This section offers practical, hands-on advice for improving the performance of an anomaly detection system, focusing heavily on feature engineering and error analysis.

### Key Bullet Points: Feature Engineering for Anomaly Detection

### 1. The Importance of Feature Choice

* **Higher Impact than Supervised Learning:** Feature choice is more critical for anomaly detection than for supervised learning. Since the algorithm learns only from unlabeled data, it's harder for it to ignore irrelevant features or automatically rescale poor ones.
* **Goal:** Choose features $x_j$ that take on unusually large or small values when an event is anomalous.

### 2. Gaussian Transformation

* **Technique:** The underlying Gaussian model works best when the features are approximately normally (Gaussian) distributed.
* **Correction:** If a feature's histogram is highly non-Gaussian, apply a mathematical transformation to make it more Gaussian.
    * **Common Transforms:** $\log(x)$, $\log(x + C)$, $\sqrt{x}$ (or $x^{0.5}$), $x^c$, etc.
    * **Process:** Plot a histogram of the transformed feature and visually select the transform that yields the best bell-shaped curve.
    * **Rule:** Apply the same transformation to the training, cross-validation, and test sets.

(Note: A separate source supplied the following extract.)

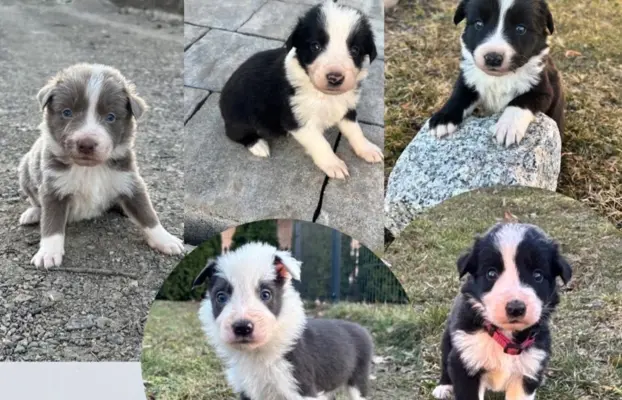 Szczeniaczki border collie do odbioru 2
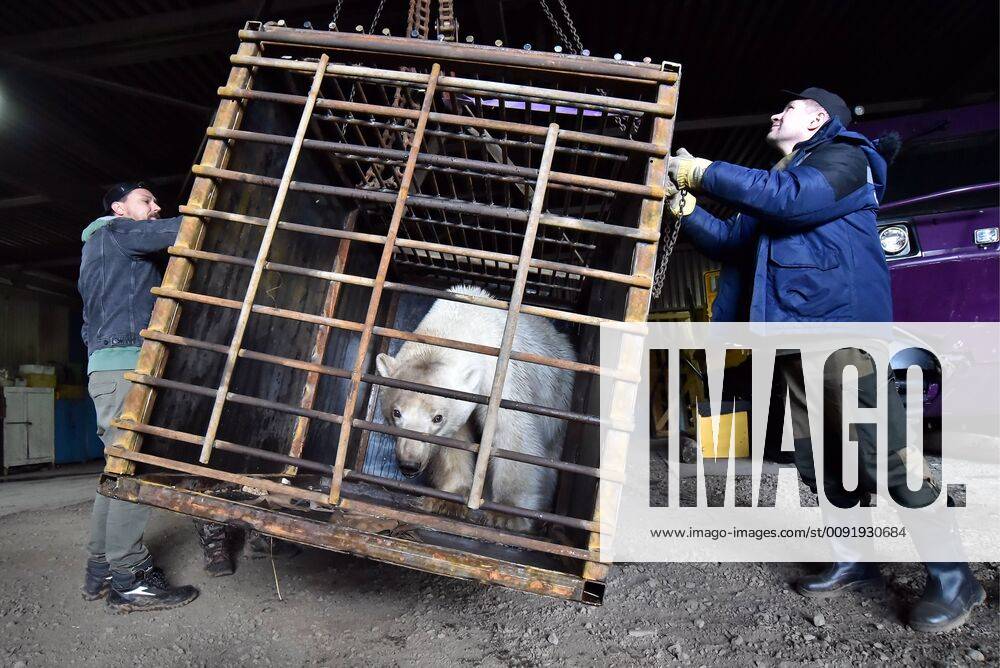Zoologists of the Royev Ruchei Zoo and local experts have caught a polar bear coming from the Kara Sea. Now kept at a local rescue centre, the polar bear listed in the Red Book has wandered into the Norilsk industrial area for the first time in 40 years. Denis Kozhevnikov TASS TS0B02C5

### 3. Error Analysis and Feature Creation

* **Process:** If the system performs poorly on the cross-validation set (fails to detect known anomalies), perform an **error analysis**:
    1.  **Examine Missed Anomalies:** Look at the specific anomalous examples ($\mathbf{x}_{\text{anom}}$) the algorithm failed to flag (i.e., $p(\mathbf{x}_{\text{anom}}) \ge \epsilon$).
    2.  **Identify New Features:** Determine what characteristics of that missed anomaly made you, the human expert, think it was anomalous.
    3.  **Create New Features:** Add new features that capture that specific unusual characteristic, often by combining existing features.
* **Feature Combination Examples:**
    * If two features ($x_1$ and $x_2$) are individually normal but unusual when combined, create a new ratio feature: $x_5 = x_3 / x_4$ (e.g., CPU load to network traffic ratio).
    * This makes it easier for the $p(\mathbf{x})$ model to assign a very low probability to that combination, successfully flagging the anomaly.